MATERIAL PROVIDED
_ _ _ _ _ _ _
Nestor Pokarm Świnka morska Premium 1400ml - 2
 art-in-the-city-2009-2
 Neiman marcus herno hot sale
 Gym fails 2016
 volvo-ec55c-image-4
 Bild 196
_ _ _ _ _ _ _
WHAT YOU SHOULD DO
Exactly reproduce all of the entries above.

REPLY TO THE TASK
Nestor Pokarm Świnka morska Premium 1400ml - 2
 art-in-the-city-2009-2
 Neiman marcus herno hot sale
 Gym fails 2016
 volvo-ec55c-image-4
 Bild 196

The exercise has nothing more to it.